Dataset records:
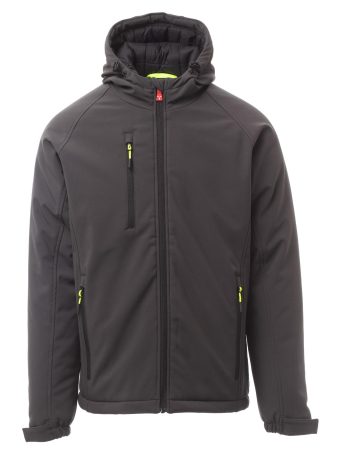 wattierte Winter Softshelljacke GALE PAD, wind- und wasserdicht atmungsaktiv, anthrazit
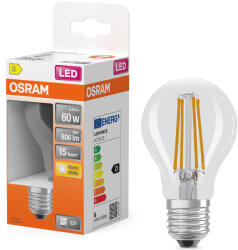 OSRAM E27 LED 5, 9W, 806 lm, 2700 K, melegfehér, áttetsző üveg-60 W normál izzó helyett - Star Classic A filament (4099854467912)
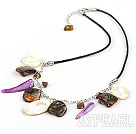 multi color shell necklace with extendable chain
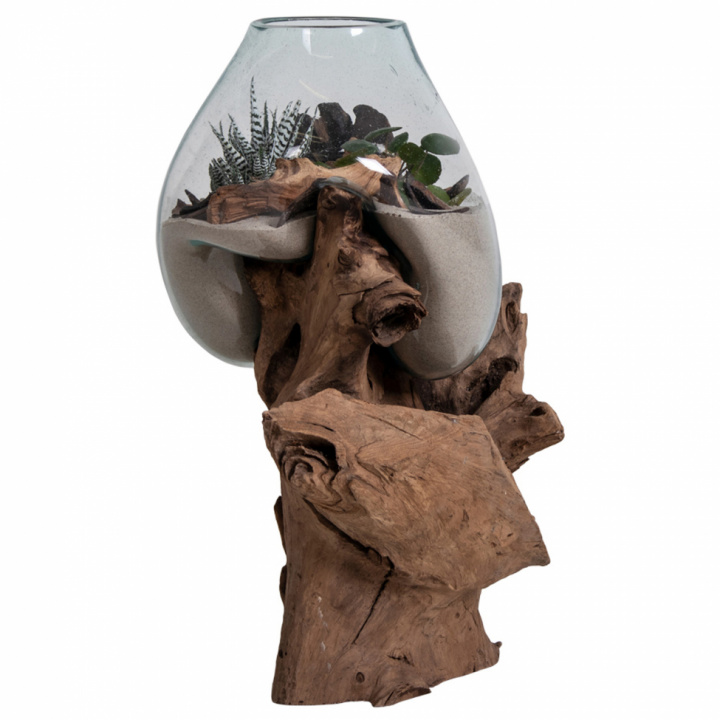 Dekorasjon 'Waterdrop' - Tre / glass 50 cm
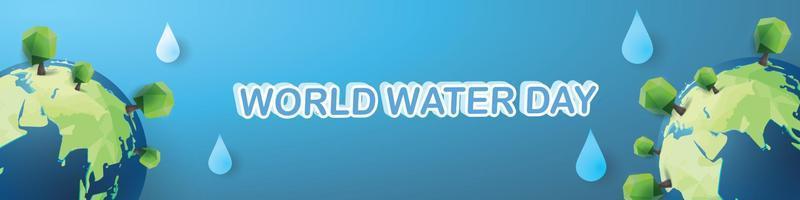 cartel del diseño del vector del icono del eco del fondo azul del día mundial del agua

### WHAT TO DO
The answer must consist solely of the lines from the one with "multi color shell" through the final line of the data, each reproduced exactly and with pictures omitted.

### OUTPUT OF THE EXERCISE
 multi color shell necklace with extendable chain
 Dekorasjon 'Waterdrop' - Tre / glass 50 cm
 cartel del diseño del vector del icono del eco del fondo azul del día mundial del agua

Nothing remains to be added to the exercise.